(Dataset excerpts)
=-=-=
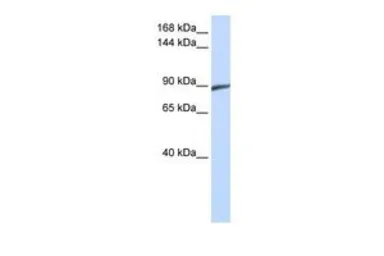 Anti-SPATA5 antibody, Internal used in Western Blot (WB). GTX45695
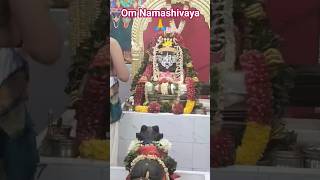 Om Namashivaya 🙏 shivaratri temple uk gowthami ytshorts viral [upl. by Ennayt]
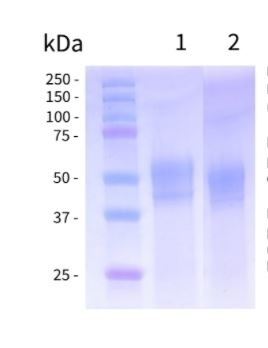 SARS-CoV-2 (COVID-19) Nucleocapsid (N) Recombinant Protein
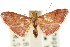  ( - ANIC Gen No. 003778)  @11 [ ] CreativeCommons - Attribution (2011) ANIC/CBG Photography Group Centre for Biodiversity Genomics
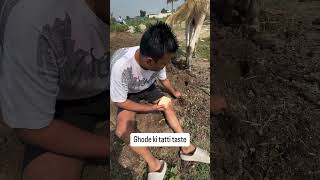 PUNEET SUPERSTAR EATING TATTI #puneetsuperstar #haryana #delhi #viralvideo #memes #crazy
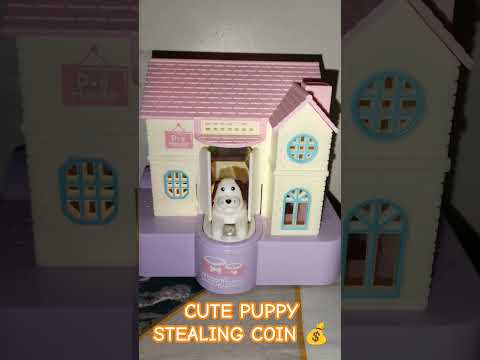 Saving House Cute Puppy Stealing coins 💰#shortsfeed #shorts #trending #viralvideo #satisfying #asmr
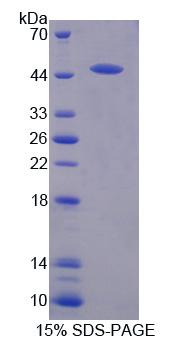 丝裂原激活蛋白激酶13(MAPK13)重组蛋白,Recombinant Mitogen Activated Protein Kinase 13 (MAPK13)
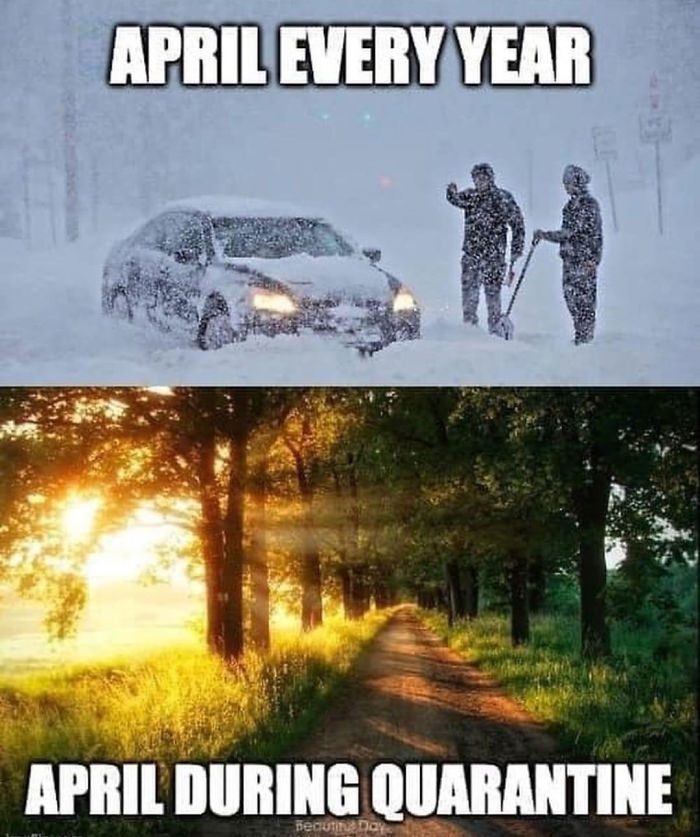 Coronavirus Jokes Are Everywhere And Here Are 153 Of The Best Ones This Week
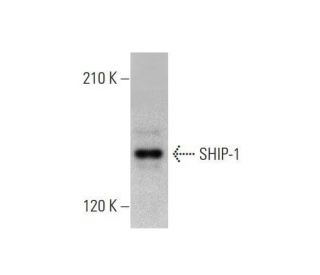 SHIP-1 Antibody (D-11) - Western Blotting - Image 352608 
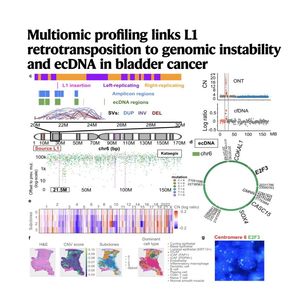 1583-L1 Retrotransposition Drives Genomic Instability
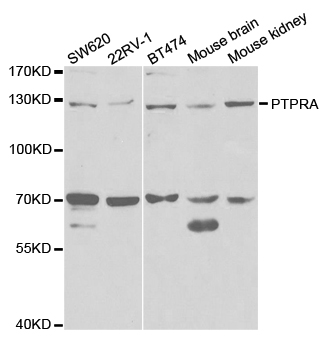 PTPRA / RPTP-Alpha Antibody - Western blot analysis of extracts of various cell lines.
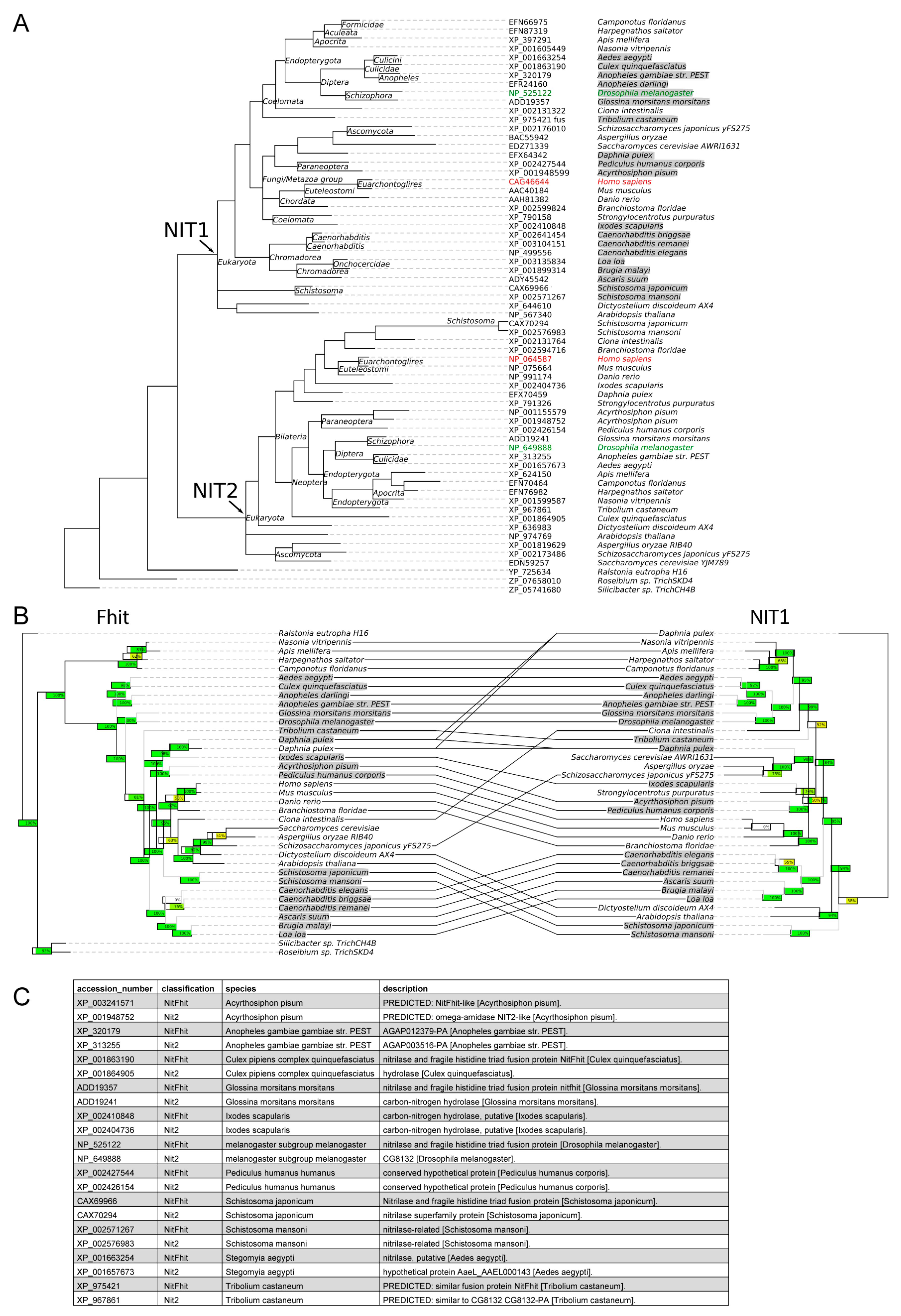 Cells 12 00353 g0a1 Cells 12 00353 g0a1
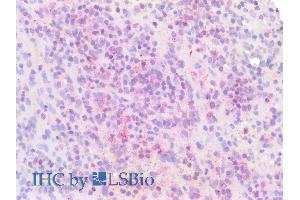 ABIN6391353 (5µg/ml) staining of paraffin embedded Human Spleen. (IRF4 antibody  (AA 393-407))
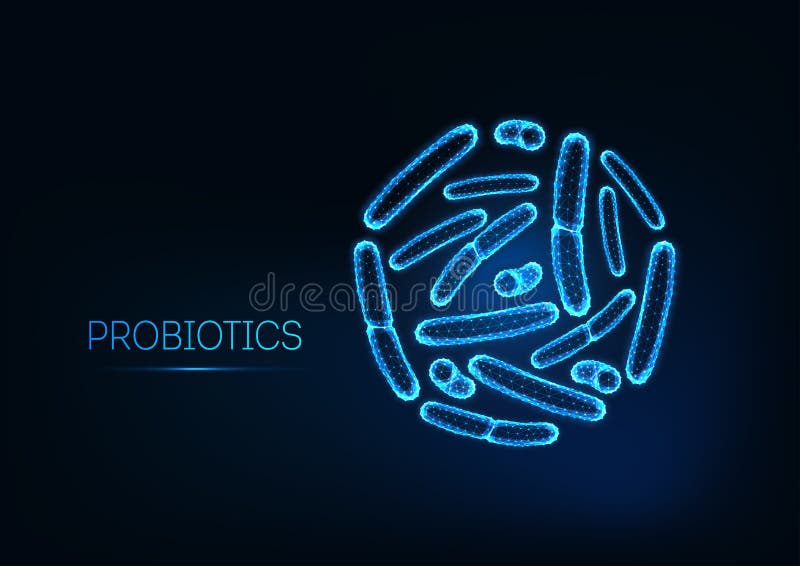 Probiotics under microscope. Gram positive bacteria, bacilli. Normal gut flora, bifidobacterium.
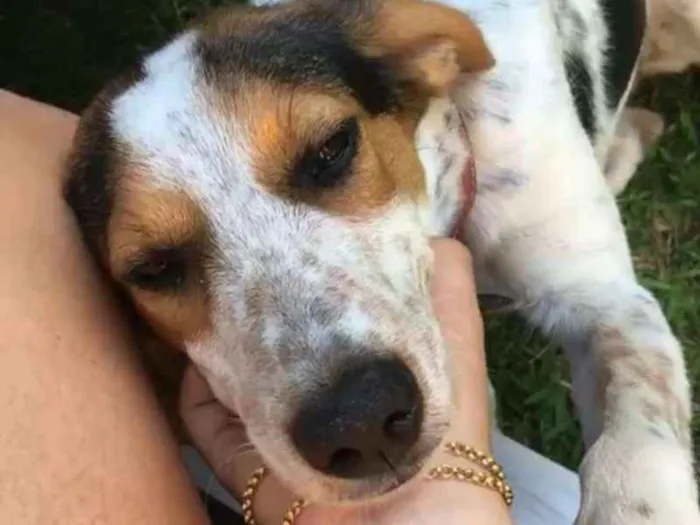 Cachorro raça Viralata idade 7 a 11 meses nome Olívia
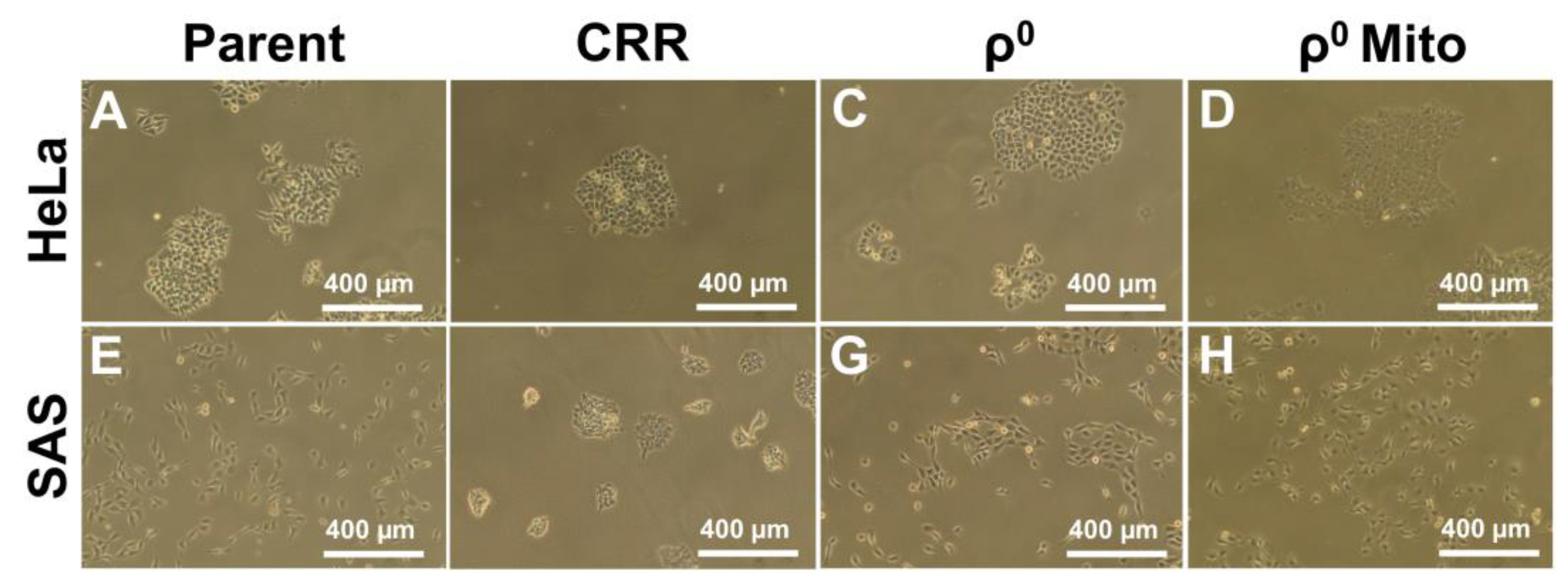 Genes 12 01348 g002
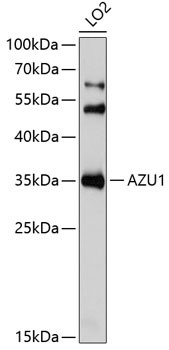 Azurocidin Antibody in Western Blot (WB)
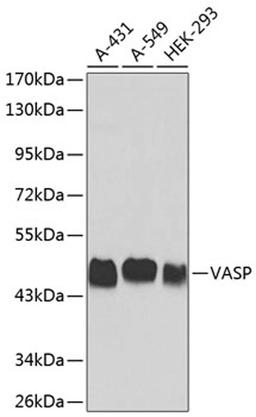 Western blot - VASP antibody (A0166)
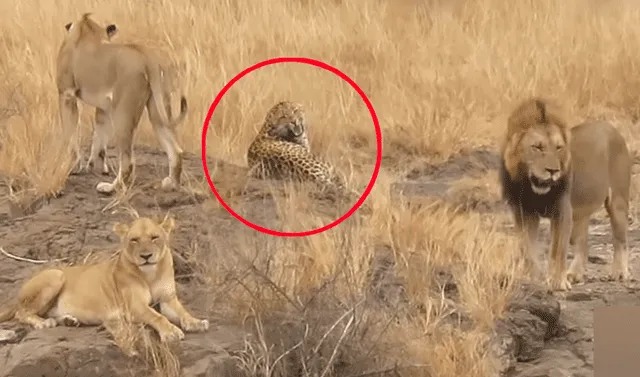 Facebook viral: leopardo es cercado por hambrientos leones que quieren  asesinarlo y pasa lo inesperado | Video | Viral | FB | Face | Redes  Sociales | México | Tendencias | La República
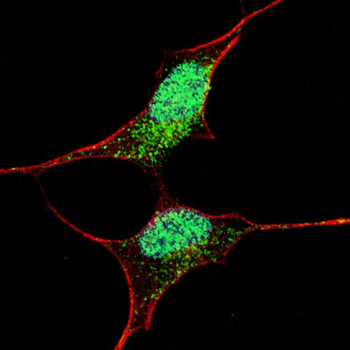 OCT4 (OCT3) Antibody (E125)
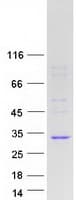 Human INMT Protein (Recombinant Myc-DDK (Flag))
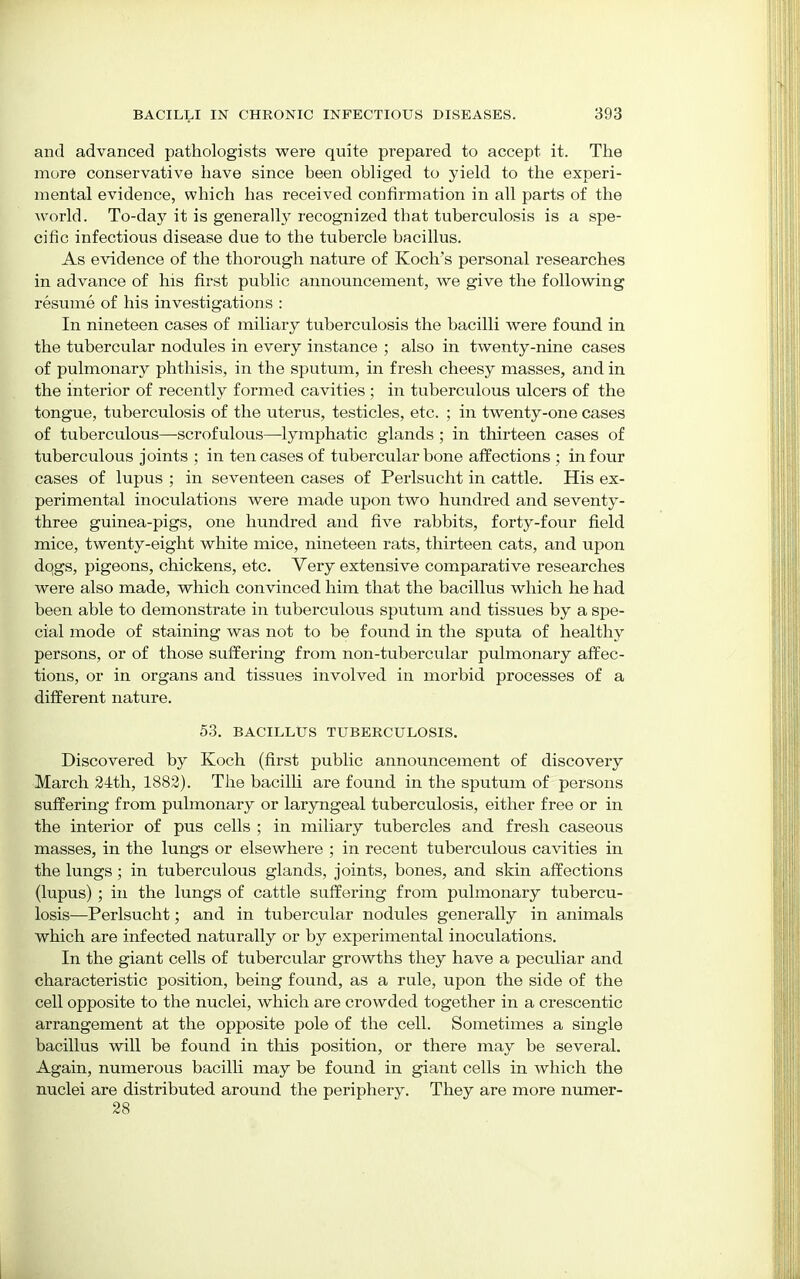 and advanced pathologists were quite prepared to accept it. The more conservative have since been obliged to yield to the experi- mental evidence, which has received confirmation in all parts of the world. To-day it is generally recognized that tuberculosis is a spe- cific infectious disease due to the tubercle bacillus. As evidence of the thorough nature of Koch's personal researches in advance of his first public announcement, we give the following resume of his investigations : In nineteen cases of miliary tuberculosis the bacilli were found in the tubercular nodules in every instance ; also in twenty-nine cases of pulmonary phthisis, in the sputum, in fresh cheesy masses, and in the interior of recently formed cavities ; in tuberculous ulcers of the tongue, tuberculosis of the uterus, testicles, etc. ; in twenty-one cases of tuberculous—-scrofulous—lymphatic glands ; in thirteen cases of tuberculous joints ; in ten cases of tubercular bone affections ; in four cases of lupus ; in seventeen cases of Perlsucht in cattle. His ex- perimental inoculations were made upon two hundred and seventy- three guinea-pigs, one hundred and five rabbits, forty-four field mice, twenty-eight white mice, nineteen rats, thirteen cats, and upon dogs, pigeons, chickens, etc. Very extensive comparative researches were also made, which convinced him that the bacillus which he had been able to demonstrate in tuberculous sputum and tissues by a spe- cial mode of staining was not to be found in the sputa of healthy persons, or of those suffering from non-tubercular pulmonary affec- tions, or in organs and tissues involved in morbid processes of a different nature. 53. BACILLUS TUBERCULOSIS. Discovered by Koch (first public announcement of discovery March 24th, 1882). The bacilli are found in the sputum of persons suffering from pulmonary or laryngeal tuberculosis, either free or in the interior of pus cells ; in miliary tubercles and fresh caseous masses, in the lungs or elsewhere ; in recent tuberculous cavities in the lungs; in tuberculous glands, joints, bones, and skin affections (lupus); in the lungs of cattle suffering from pulmonary tubercu- losis—Perlsucht; and in tubercular nodules generally in animals which are infected naturally or by experimental inoculations. In the giant cells of tubercular growths they have a peculiar and characteristic position, being found, as a rule, upon the side of the cell opposite to the nuclei, which are crowded together in a crescentic arrangement at the opposite pole of the cell. Sometimes a single bacillus will be found in this position, or there may be several. Again, numerous bacilli may be found in giant cells in which the nuclei are distributed around the periphery. They are more numer- 28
=-=-=
Although pictures appear among the records above, write out exactly only the lines from the one that has "PTPRA / RPTP-Alpha" through the one that has "ABIN6391353 (5µg/ml) staining", and leave the pictures out.

 PTPRA / RPTP-Alpha Antibody - Western blot analysis of extracts of various cell lines.
 Cells 12 00353 g0a1 Cells 12 00353 g0a1
 ABIN6391353 (5µg/ml) staining of paraffin embedded Human Spleen. (IRF4 antibody  (AA 393-407))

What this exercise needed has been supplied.